Faster R-CNN: It has two networks: region proposal network (RPN) for generating region proposals and a network using these proposals to detect objects. The main difference here with the Fast R-CNN is that the later uses selective search to generate the region proposals. The time cost of generating the region proposals is much smaller in the RPN than selective search, when RPN shares the most computation with object detection network. In brief, RPN ranks region boxes (called anchors) and proposes the ones most likely containing objects.

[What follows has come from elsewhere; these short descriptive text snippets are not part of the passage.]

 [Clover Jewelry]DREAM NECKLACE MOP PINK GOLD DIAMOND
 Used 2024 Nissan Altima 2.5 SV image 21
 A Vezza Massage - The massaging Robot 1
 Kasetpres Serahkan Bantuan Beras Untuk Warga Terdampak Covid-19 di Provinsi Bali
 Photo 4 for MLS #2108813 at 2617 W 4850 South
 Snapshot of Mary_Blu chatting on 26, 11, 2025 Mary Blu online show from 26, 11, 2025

Anchors play an very important role in Faster R-CNN. An anchor is the box. In default configuration of Faster R-CNN, there are nine anchors at the position of an image. The graphs shown 9 anchors at the position (320, 320) of an image with size (600, 800).

Region Proposal Network:

The output of the region proposal network is the bunch of boxes/proposals that will be examined by a classifier and regressor to check the occurrence of objects eventually. To be more precise, RPN predicts the possibility of an anchor being background or foreground, and refine the anchor.

Q8. What is RCNN?

To bypass the problem of selecting the huge number of regions, Ross Girshick et al. proposed a method where we use the selective search to extract just 2000 regions from the image, and he called them as region proposals. Therefore, instead of trying to classify the huge number of regions, you can work with 2000 regions.

Problems with R-CNN:

 1- It still takes the huge amount of time to train the network as we would have to classify 2000 region proposals per image.

 2- It cannot be implemented real-time as it takes around 47 seconds for each test image.

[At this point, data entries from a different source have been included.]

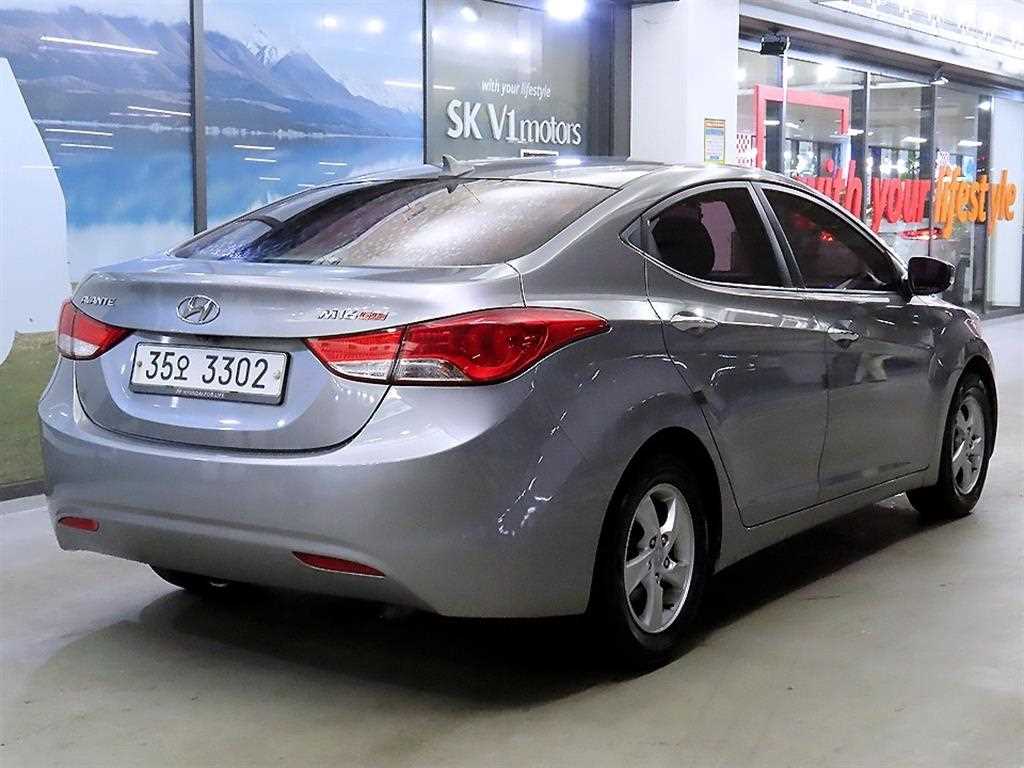 HYUNDAI Avante - Vista 4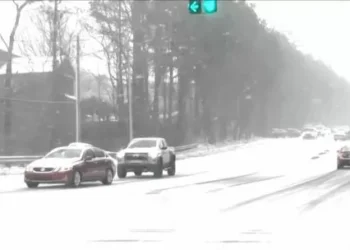 Tormenta ártica golpea EE.UU. con temperaturas extremas y nevadas intensas: más de 160 millones de personas en temor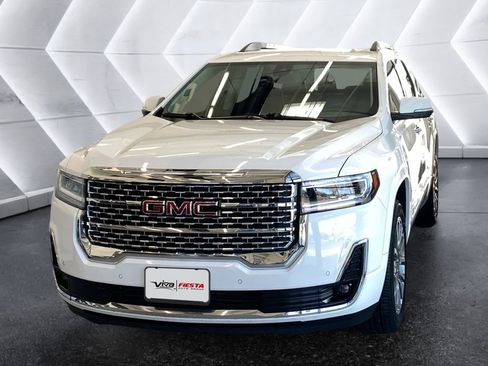 Used 2023 GMC Acadia Denali image 3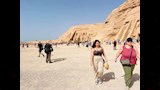 سياح من مختلف الجنسيات فى معبد ابو سمبل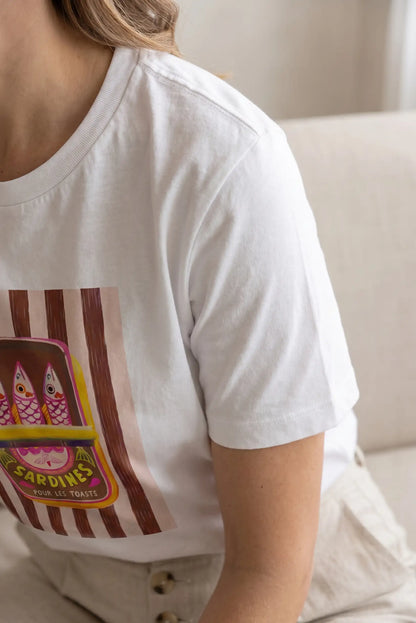 Camiseta blanca de mujer con estampado de sardinas y manga corta, estilo casual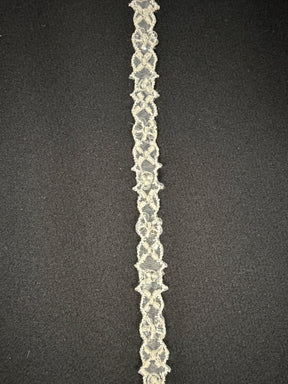 Bordure de perles et sequins ivoire pâle - T148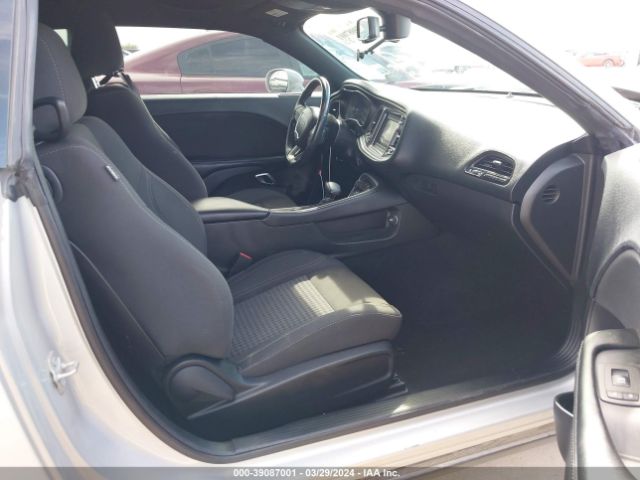 2C3CDZGG8KH683559 Dodge Challenger Sxt Awd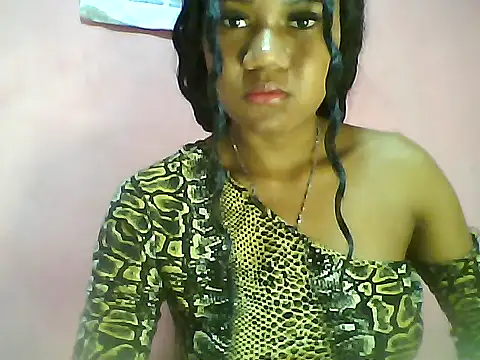 Snapshot of Fariana01 chatting on February 2, 2025, 12:09 am Fariana01 online show from February 2, 2025, 12:09 am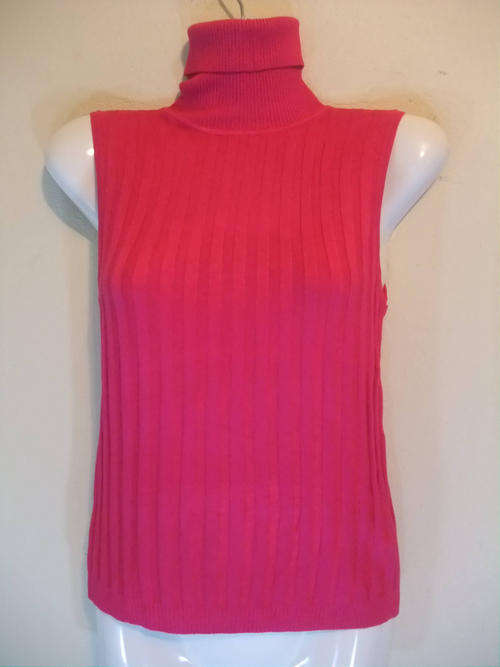 Sleeveless Turtleneck Sweater - Pink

3- The selective search algorithm is the fixed algorithm. Therefore, no learning is happening at that stage. This leads to the generation of the bad candidate region proposals.

Q9.What is GoogLeNet/Inception?

The winner of the ILSVRC 2014 competition was GoogLeNet from Google. It achieved a top-5 error rate of 6.67%! This was very close to human-level performance which the organisers of the challenge were now forced to evaluate. As it turns out, this was rather hard to do and required some human training to beat GoogLeNets accuracy. After the few days of training, the human expert (Andrej Karpathy) was able to achieve the top-5 error rate of 5.1%(single model) and 3.6%(ensemble). The network used the CNN inspired by LeNet but implemented a novel element which is dubbed an inception module. It used batch normalisation, image distortions and RMSprop. This module is based on the several very small convolutions to reduce the number of parameters drastically. Their architecture consisted of the 22 layer deep CNN but reduced the number of parameters from 60 million (AlexNet) to 4 million.

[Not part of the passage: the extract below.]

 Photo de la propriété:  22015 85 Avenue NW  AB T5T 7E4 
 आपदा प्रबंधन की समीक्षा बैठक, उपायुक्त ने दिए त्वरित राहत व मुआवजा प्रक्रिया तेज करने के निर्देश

It contains 1×1 Convolution at the middle of network, and global average pooling is used at the end of the network instead of using the fully connected layers. These two techniques are from another paper “Network In-Network” (NIN). Another technique, called inception module, is to have different sizes/types of convolutions for the same input and to stack all the outputs.

Q10. What is LeNet-5?

LeNet-5, a pioneering 7-level convolutional network by the LeCun et al in 1998, that classifies digits, was applied by several banks to recognise hand-written numbers on checks (cheques) digitised in 32x32 pixel greyscale input images. The ability to process higher-resolution images requires larger and more convolutional layers, so the availability of computing resources constrains this technique.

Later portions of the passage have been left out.